The former New Mexico governor and current Libertarian Party candidate for president is getting some attention by the national media as an alternative to Donald Trump and Hillary Clinton. Polls are showing, and have been for some time now, that the majority of Americans don’t like Clinton or Trump, and Johnson’s subtle but important rise in the polls suggests that he, more so than Green Party candidate Jill Stein, is a legitimate third choice.
Of course, whether he can turn his 15 minutes into a winnable race remains to be seen, but this much is certain—a lot of voters would love to vote for someone other than Clinton or Trump. That is Johnson’s opening.
Someone could make a lot of money in this campaign by printing and selling two yard signs, one saying, “Vote Trump: He’s not Clinton” and the other, “Vote Clinton: She’s not Trump,” since those seem to be the prevailing sentiments of the times. The days ahead will tell us if a third sign, “Vote Johnson, he’s neither,” would sell just as well.
I think Johnson represents what a lot of Americans believe. He’s a fiscal conservative and a social progressive, which a lot of people are these days. And during this time in which “establishment” candidates are frowned upon, his views are about as against-the-grain as they come:
• Johnson is advocating a consumption tax to replace most of the current tax code. He wants regulations that give businesses and entrepreneurs incentives, not hassles, for growing their enterprises and creating jobs.
• He advocates for congressional term limits and wants the all-out abolishment of the federal Department of Education.

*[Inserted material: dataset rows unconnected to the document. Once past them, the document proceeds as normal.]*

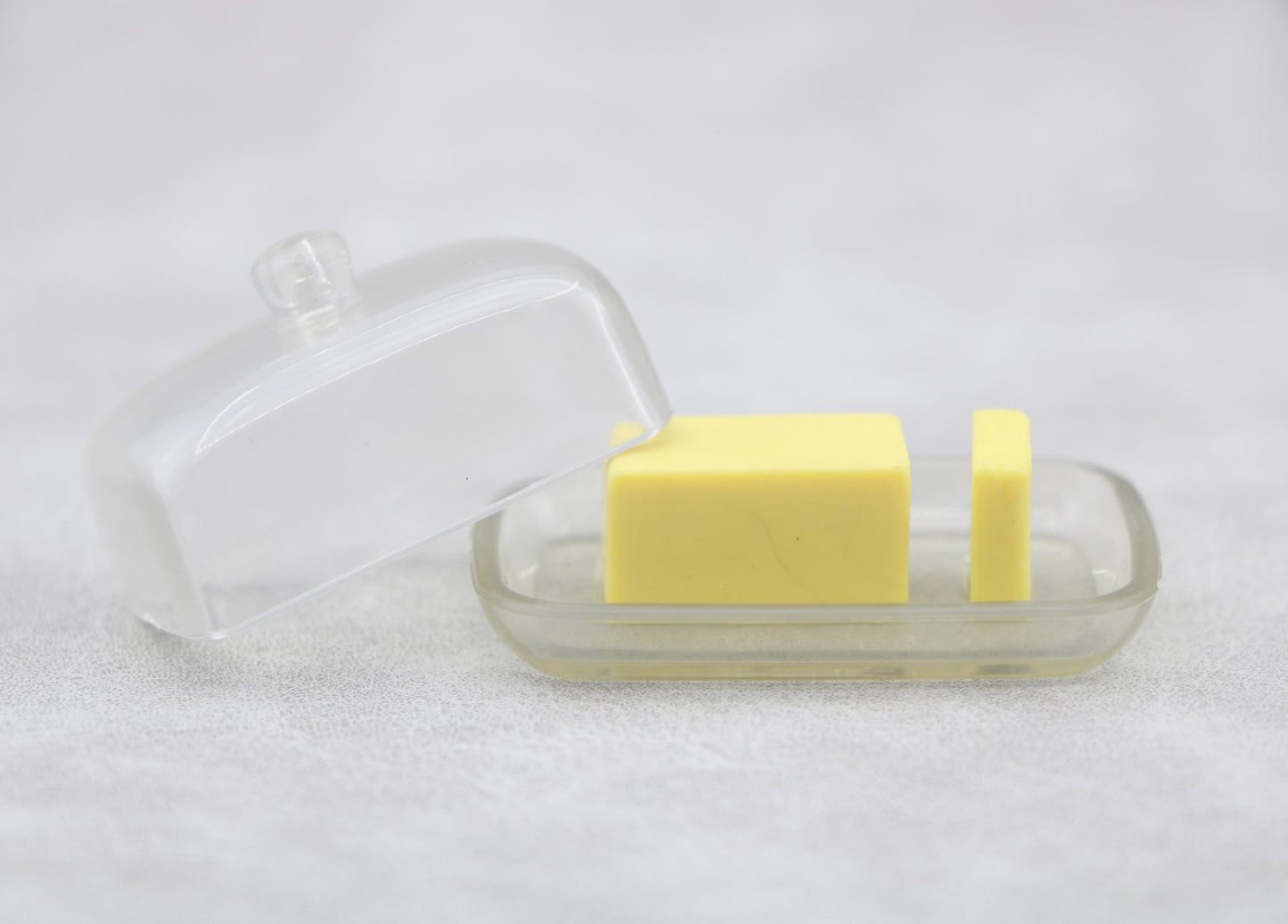 18" Doll Kitchen Butter Dish with Lid | Miniature Food Accessory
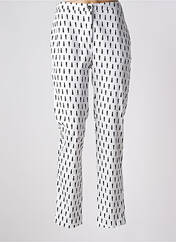 Pantalon slim blanc MEXX pour femme seconde vue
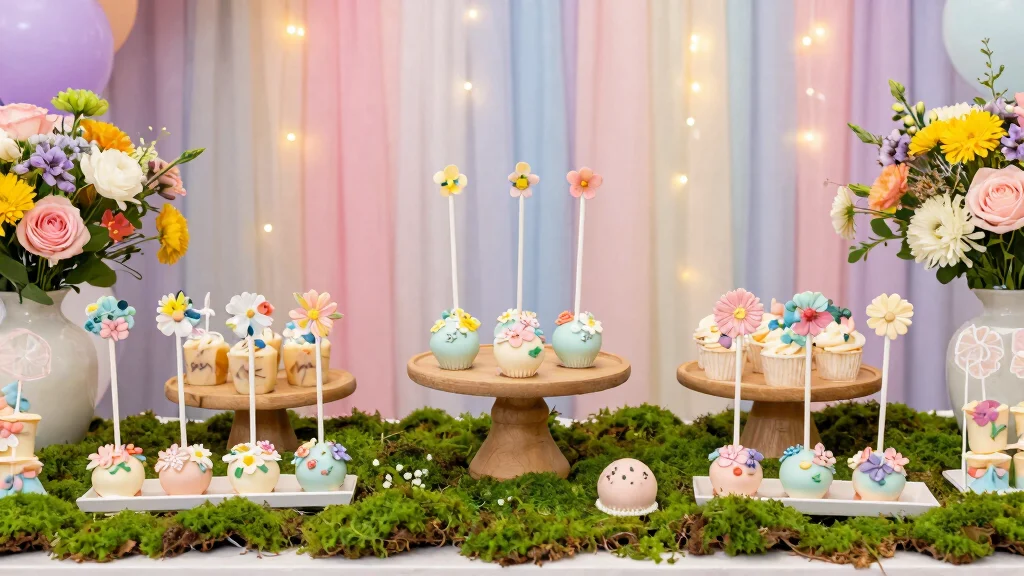 15 Baby in Bloom Cake Pops Ideas: Soft Floral Style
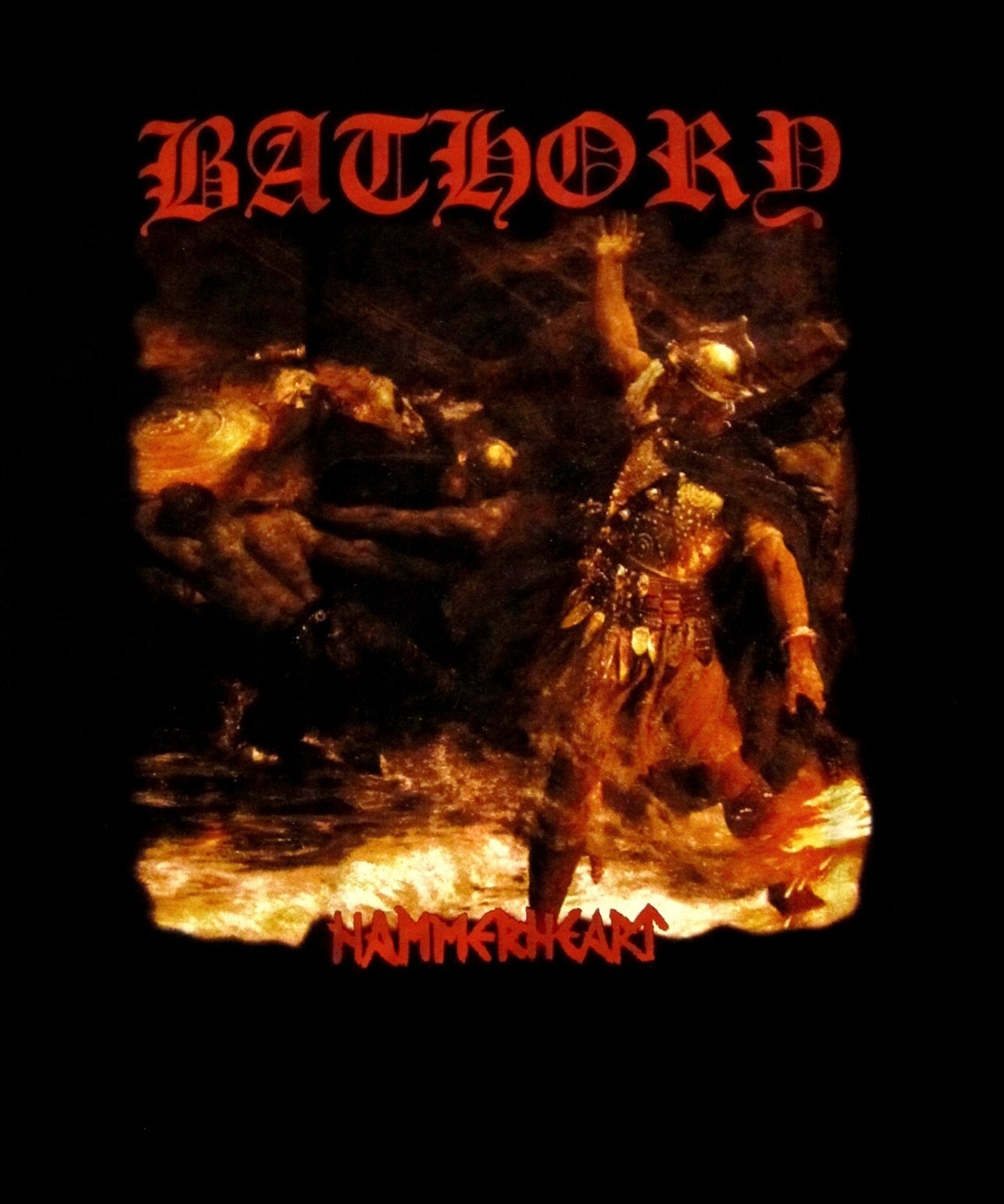 BATHORY cd cvr HAMMERHEART Official SHIRT LRG New nbp under sign blood fire gallery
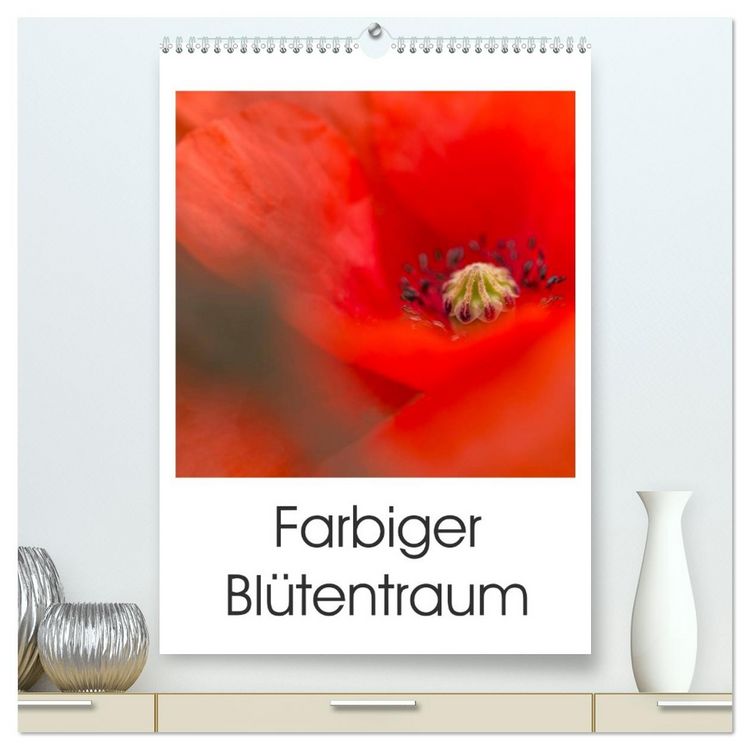 Produktbild: Farbiger Bl&uuml;tentraum (hochwertiger Premium Wandkalender 2026 DIN A2 hoch), Kunstdruck in Hochglanz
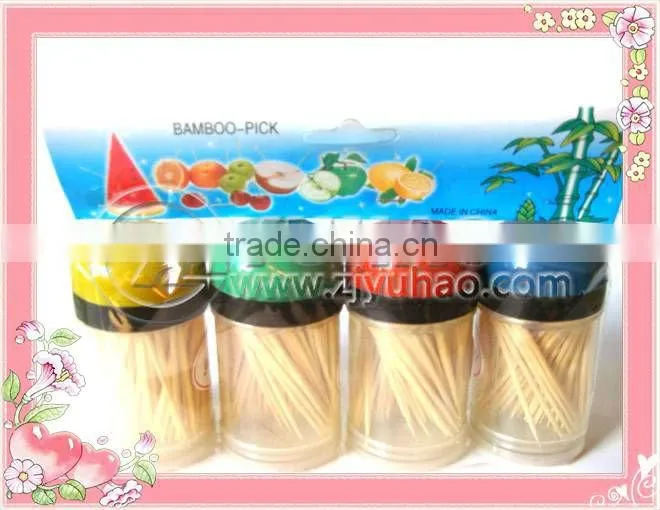 Best-selling knotted bamboo toothpicks,bamboo skewers and toothpicks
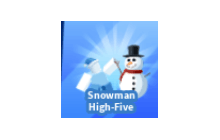 Snowman High-Five [Blade Ball]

• On foreign policy, he wants to bring more of our troops home and focus on better security in the U.S. And on immigration, he wants to “incentivize assimilation” with ways to encourage legal entries across our borders.

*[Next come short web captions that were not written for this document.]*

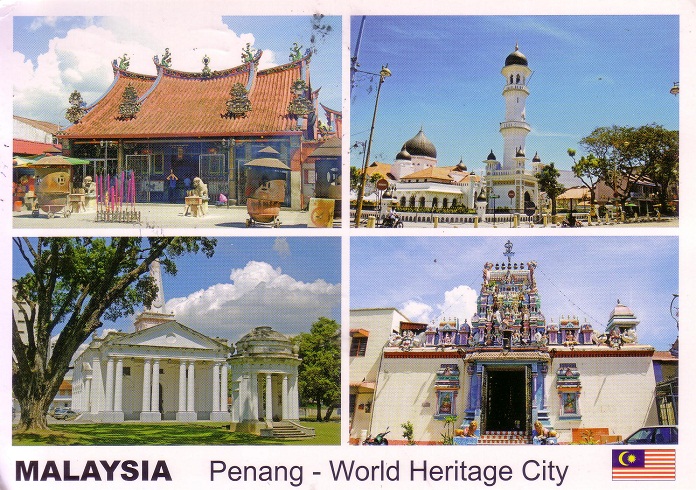 Old Postcard From Malaysia Limited Edition Stamps Collection
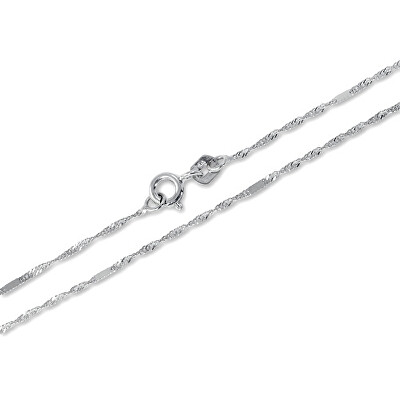 Soliter - Řetízek z bílého zlata Lambáda s destičkami 42 cm 271 115 00248 07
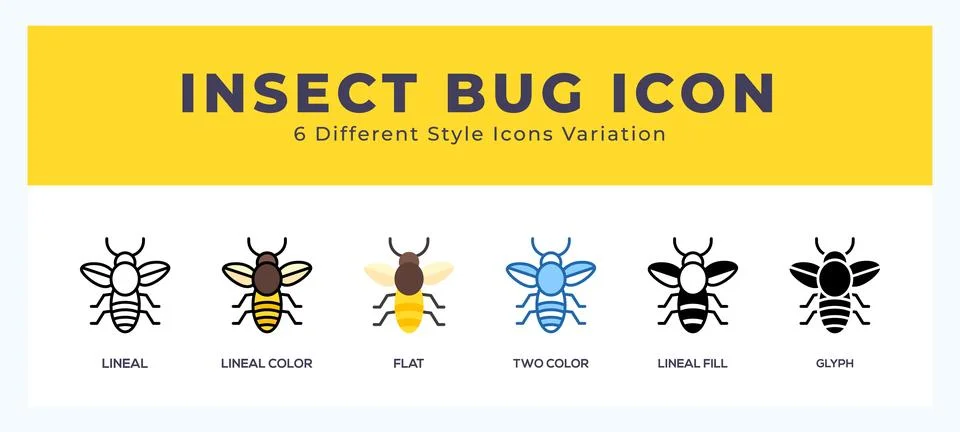 Insect bug icon vector design illustration in trendy style Stock Illustration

• As for civil liberties, he’s all about keeping government out of our private lives, and is pretty consistent in his views. He’s for same-sex marriage and is pro-choice. He’s for our right to bear arms, as long as other people don’t get hurt with them. And he advocates common-sense reforms to the criminal justice system, in part by putting an end to the war on drugs, with a particular emphasis on legalizing medicinal and recreational marijuana.
That last issue might be a sticking point for a lot of people, not because of opposition to legalization—polls show a majority of Americans now favor full legalization—but because of his personal relationship with what is still classified as a Schedule 1 narcotic.

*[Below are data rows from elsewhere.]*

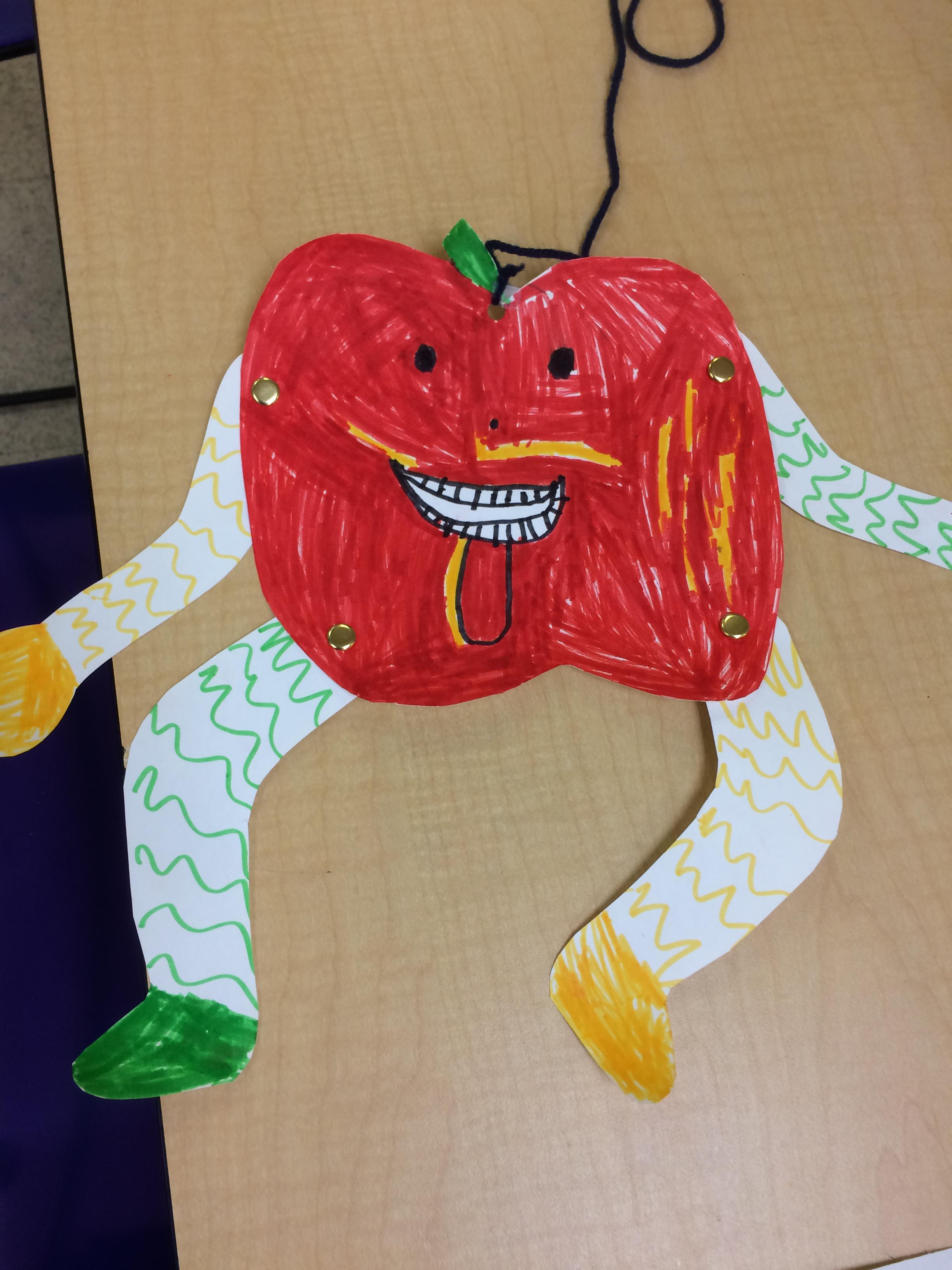 Apple man made at Shabbat school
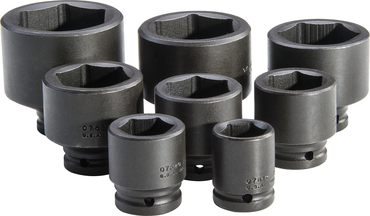 Proto® 3/4" Drive 8 Piece Impact Socket Set - 6 Point - Caliber Tooling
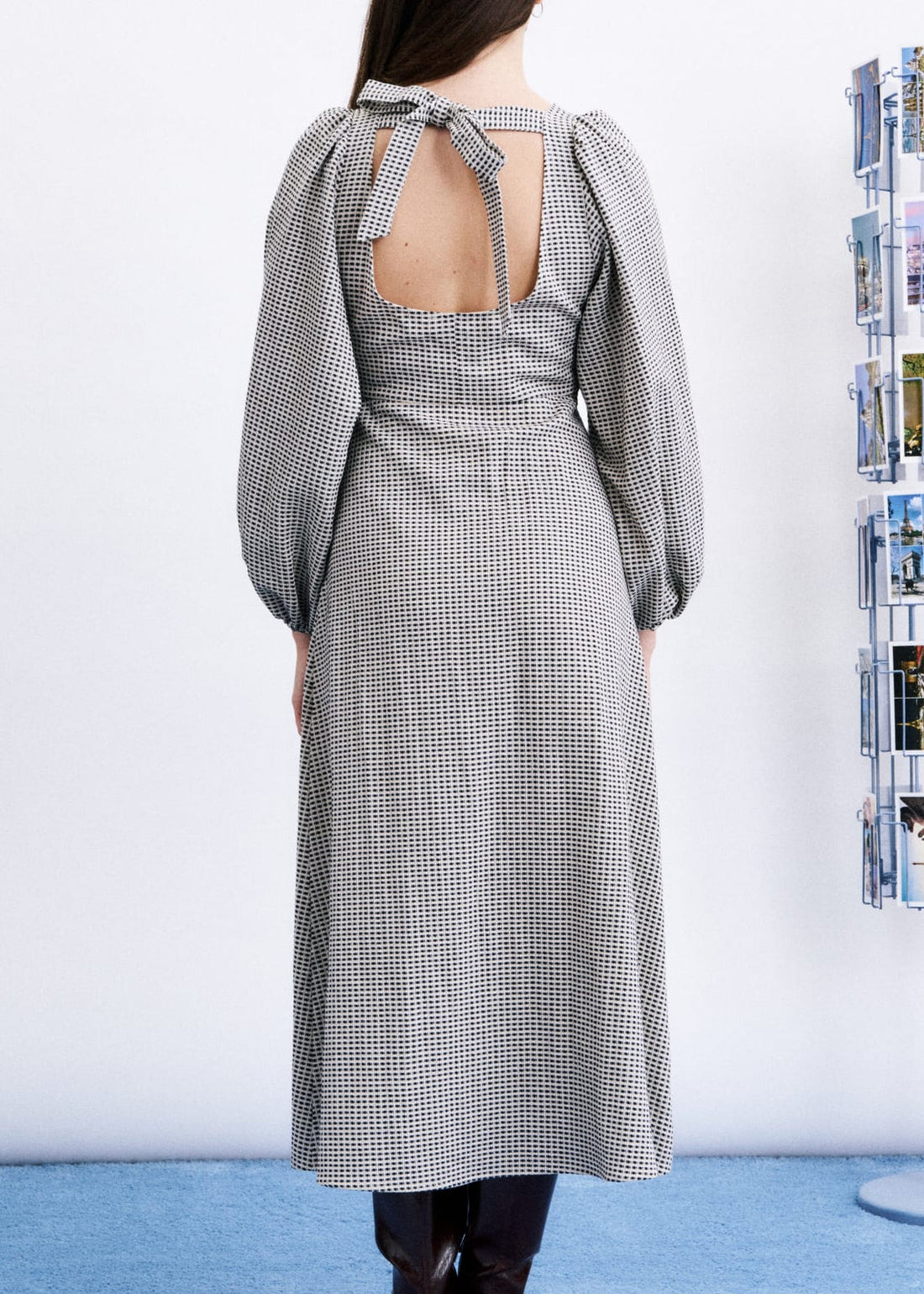 PAVEY LONGSLEEVE MIDI DRESS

Johnson, who has working in the “budding” cannabis industry, is also an unabashed pot smoker. In June, he said he’d last smoked marijuana five weeks earlier, and when asked if he’d smoked it for medicinal reasons, he said nope, he’d done it recreationally.
Love or hate him, you gotta respect his honesty. Some would say that such honesty will be his undoing in this presidential election race, but it’s refreshing nonetheless to see a candidate with such candor.
Of course, he can counter the stereotype of pot users as underachievers with his own success story, as an athlete, businessman and governor in New Mexico, but I’m not sure that will be altogether effective. I can see the editorial cartoons now, depicting a stoner in the White House. The media will have a lot of fun with it, and I guess I’m already guilty of that myself; I just brought up “stoner”—and yet I like Johnson.
Not that I’ve decided to vote for him; I haven’t made up my mind yet (except for my steadfast antipathy for Trump). But I’ll certainly be writing more about him in the weeks ahead. I think he’s offering an alternative that’s worth serious consideration.
And if he manages to leverage his 15 minutes into “serious candidate” status, expect the spotlight to also turn to New Mexico, and that’ll make this race all the more exciting for us. That’ll be our 15 minutes of fame.